Cal Thorpe
August 29th, 2006, 05:03 PM
Does any one else get this error when trying to speed up or slow down a clip?
"Uable to complete command. A conflict occured during a trim operation."
Any ideas?
Thanks
Daniel Stevenson
August 30th, 2006, 06:13 AM
yep I get this all the time. It happens to me when the clip butts up against the clip before it and the clip following it.
Drag the clip to the end of your sequence (so it sits alone with no clips either side of it) and change the speed there with no fades or anything attached. Then drag it back into the timeline and adjust all your other clips accordingly.
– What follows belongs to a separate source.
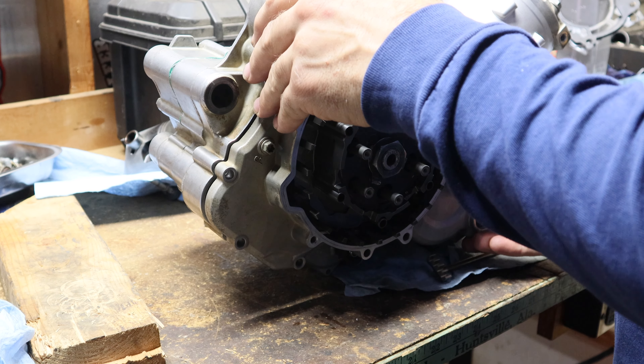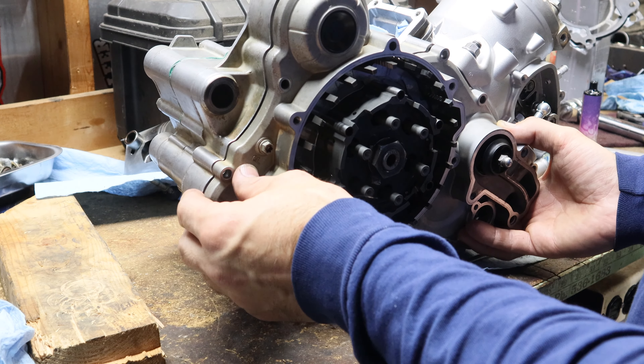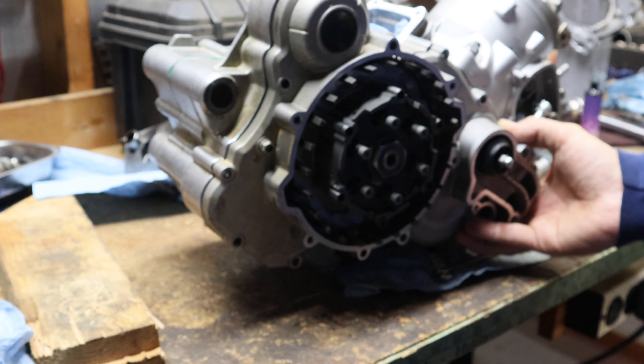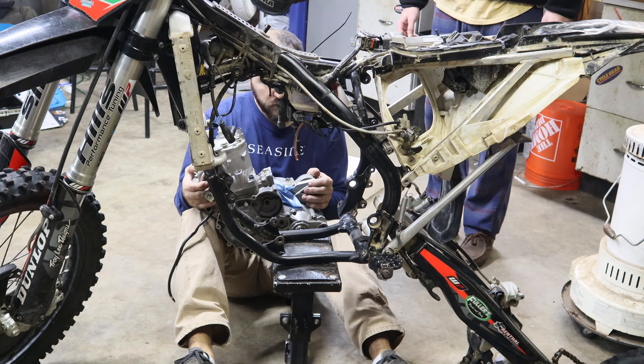The only reason I'm putting this on right now is to protect the inside gears and everything while I'm assembling the motor into the frame. Then I'm going to pull it back off and tighten these down to spec, because it is a pain to try and tighten this thing down without it being held in place somehow. Motor in the frame!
I don't know why it happens, changing the speed of the clip seems to be too big a task when it comes to computing the new transition from/to the sped up clip straight into another clip.
Cal Thorpe
August 30th, 2006, 10:19 AM
Thanks for the reply. Yeah, I just figured this out yesterday. When you change the speed of a clip it either pushes forward everything after it (for slo-mo) or pulls everything back (for speed up), but if you're dealing with multiple clips and you don't have room on a track for the movement then you're going to get that error. My work around was to push it up to a new track and lock everything else down.
Peace!
Les Wilson
September 2nd, 2006, 06:36 AM
Another technique is to create a "scratch sequence with the same properties as your main timeline. You can copy the clip from your main timeline to the Scratch sequence, edit, and copy it back. It will stay in the same relative track.
Nick Weeks
September 2nd, 2006, 07:11 AM
Thanks for the reply. Yeah, I just figured this out yesterday. When you change the speed of a clip it either pushes forward everything after it (for slo-mo) or pulls everything back (for speed up), but if you're dealing with multiple clips and you don't have room on a track for the movement then you're going to get that error. My work around was to push it up to a new track and lock everything else down.
Peace!
I've been wondering if there's a way to turn this feature off? There are many times I want to slow down or speed up a clip, but I have to make another track lock all other tracks, etc. It gets old if you have to do a good handful of clips. Anyone?
Cal Thorpe
September 2nd, 2006, 01:12 PM
Yeah, I think that scratch sequence is a good idea. I don't want to able able to turn the warning off just in case I overwrite something in the process. If I have a project were I'm doing a lot of speed changes I'm going to do the scratch thing. Good tip.
Nate Schmidt
September 5th, 2006, 07:16 PM
http://rippletraining.com/movies/kenstone/fcp_speed_960.mov
Brillinat technique! you can change speed without changing duraion of your clip.